### Task objective
The answer must consist solely of the lines from the one with "Babyhug Free Size" through the last line of the data, copied exactly, with no pictures.

### Records for processing
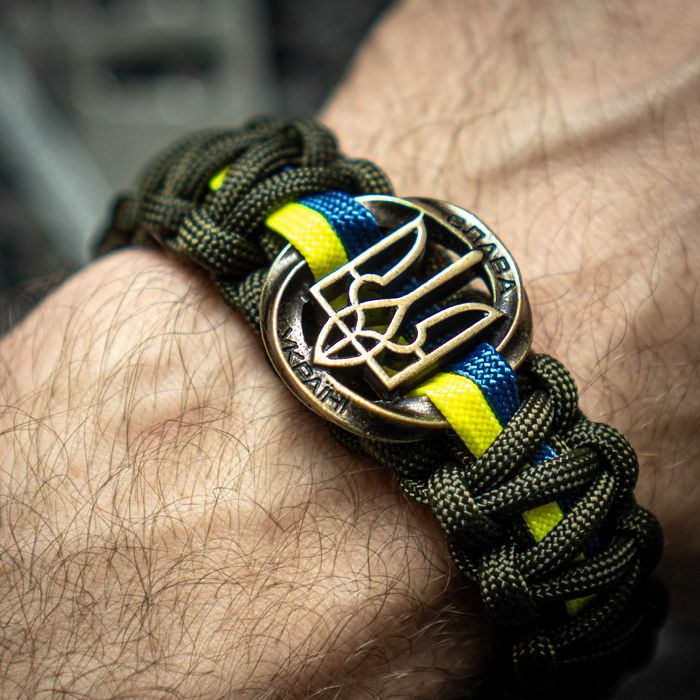 Чоловічий браслет з паракорду STRONG плетений з Гербом і Прапором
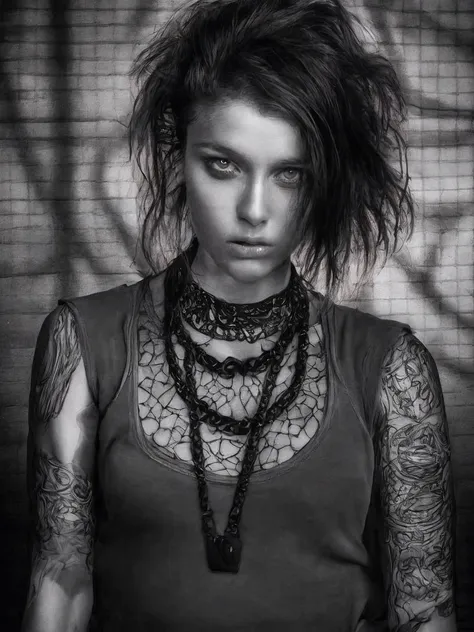 raw++ intricate portrait photograph of a bold and confident tattooed brunette with a seductive facial expression, gritty++, intr...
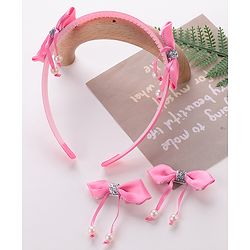 Babyhug Free Size Hair Accessories Combo Set Set of 3 Bow Applique  -  Pink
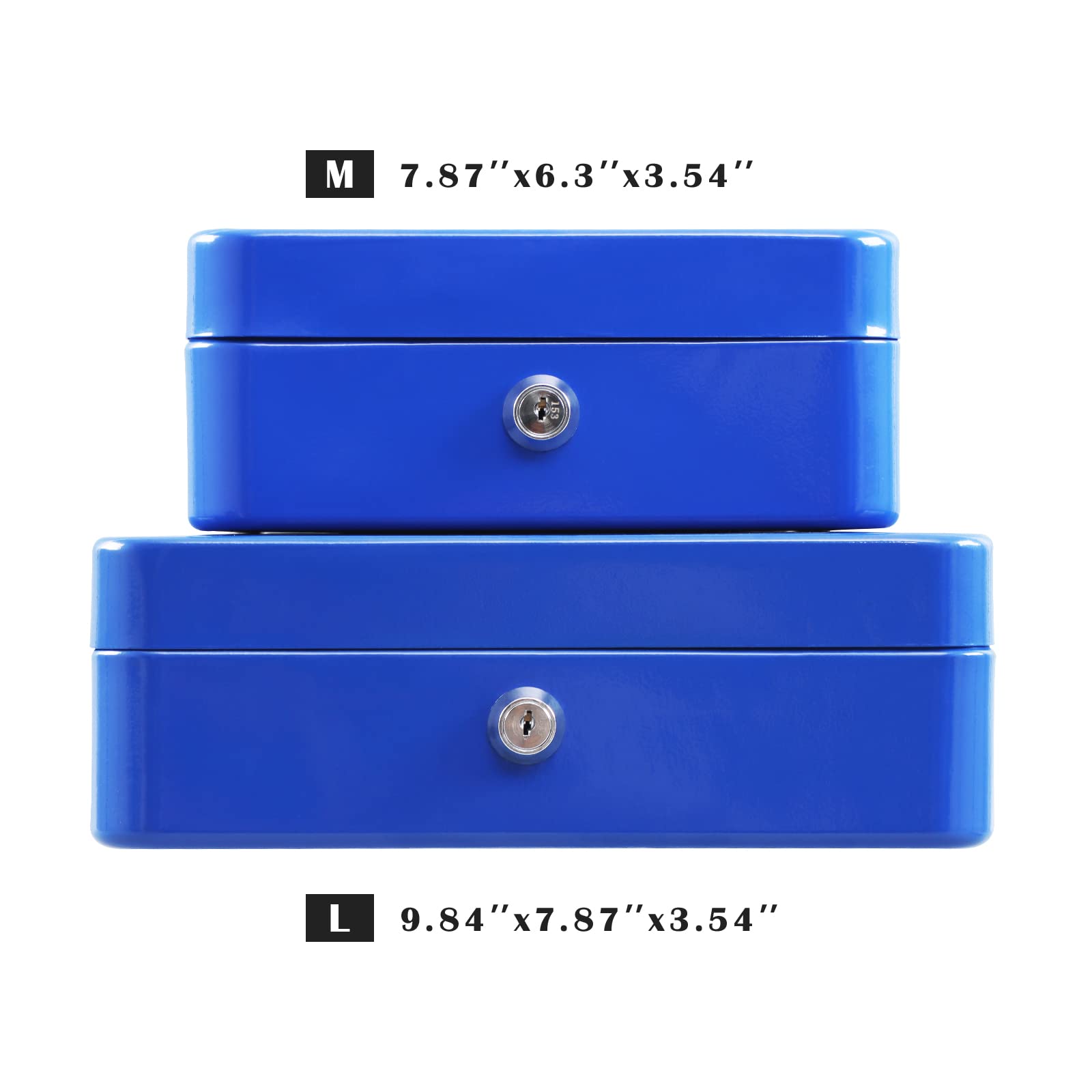 xydled Scatola per banconote in acciaio con cassetto porta monete rimovibile e serratura a chiave, 20 x 16 x 9 cm, blu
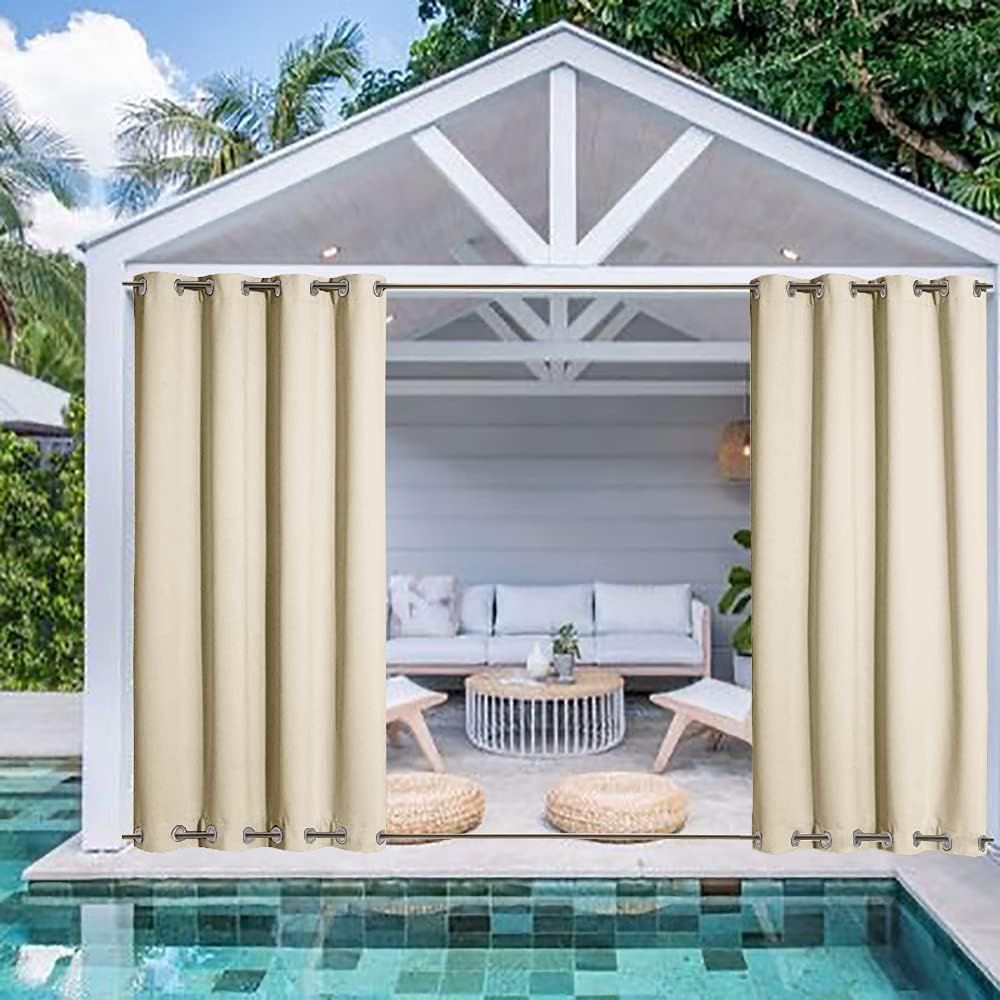 Extra Wide Indoor Outdoor 120" W x 102" L Waterproof Curtains Windproof Privacy Drapes with Grommet at Top and Bottom Curtains for Patio, Cabana, Gazebo, Pergola, Beige, 1 Panel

### Result of the task
 Babyhug Free Size Hair Accessories Combo Set Set of 3 Bow Applique  -  Pink
 xydled Scatola per banconote in acciaio con cassetto porta monete rimovibile e serratura a chiave, 20 x 16 x 9 cm, blu
 Extra Wide Indoor Outdoor 120" W x 102" L Waterproof Curtains Windproof Privacy Drapes with Grommet at Top and Bottom Curtains for Patio, Cabana, Gazebo, Pergola, Beige, 1 Panel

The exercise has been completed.